Pragmatically, the best way forward is probably to refine individual tests that cause problems for example by using round-half-to-even to reduce the precision.

Comment 9 Josh Spiegel 2009-07-08 15:33:51 UTC

I suggest creating documentation for this in XQTS and also having the relevant tests reference this documentation in the comment.  This would have helped me a lot initially.  Thanks.

Comment 10 Bogdan Butnaru 2009-07-09 00:09:05 UTC

(In reply to comment #8)
> So as far as testing is concerned, any test whose result is floating point (or
> that contains the serialization of a value that includes floating point) has an
> infinite number of correct answers. This is clearly unsatisfactory, but it's
> hard to find a good way forward. Pragmatically, it can be useful when regular
> comparison of results fails, to try again parsing both results as float and
> outputting a comment if this succeeds, to aid manual inspection.

I haven't thought this through very thoroughly, but I believe that for most float numbers there should be a (relatively simple) way to determine that a string value is a correct representation of that float number, using only string operations:

AFAIK, for most if not all float numbers, and with the specific restrictions in the spec regarding the position of the decimal separator, all valid mantissas that can represent it form a set of strings that is infinite but is bounded lexicographically at both ends by a well-defined pair of strings. I _think_ that the exponent can't vary, so in principle it should be possible to check the string values using only string operations.

(This excludes values in the 1E-6 – 1E+6 range, where I believe the spec allows a single representation, and of course NaN and infinities.)

I intend to investigate this further and propose concrete changes. This will probably mean using the exact value for the restricted millionth–million range, writing a tool that generates the extremes for any value outside that range, and changes to affected tests. I'm in the middle of something else right now, so that is not likely to come before the end of summer. However, if there is a specific reason to hurry (e.g., an imminent new release of the test suite) and nobody else offers, let me know, I'll probably be able to take a couple of days to work it through.

Comment 11 Andrew Eisenberg 2010-02-24 20:58:10 UTC

(In reply to comment #9)
> I suggest creating documentation for this in XQTS and also having the relevant
> tests reference this documentation in the comment.  This would have helped me a
> lot initially.  Thanks.
> 

The Guidelines for Running the XML Query Test Suite do address this issue, saying:

"Many tests involve operations on floats/doubles and converting those results to strings. Even as one explicit value is given, the task force realizes that other values may also be acceptable. In such cases submitters are encouraged to submit values that may differ. The task force will eventually determine if such values are within the acceptable range."

It didn't occur to us to reference this comment in the relevant test cases.

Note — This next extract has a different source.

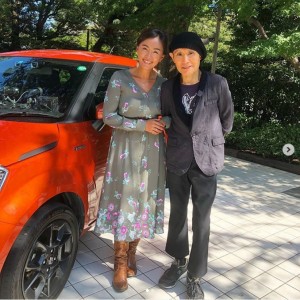 【エンタがビタミン♪】田中律子＆片岡鶴太郎　ヨガを極めた2人の並びに「おばあちゃんかと…」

Comment 12 Andrew Eisenberg 2010-02-24 21:04:01 UTC

Bogdan, in comment #6 I asked if you'd like additional expected results added for some of our test cases. I haven't heard back from you, and so I'm marking this bug report with INVALID.

Please close this bug report if you agree with this resolution, or reopen it if you'd like further action or discussion. I understand that you may wish to reopen this in the future, when your schedule allows you to work on this topic.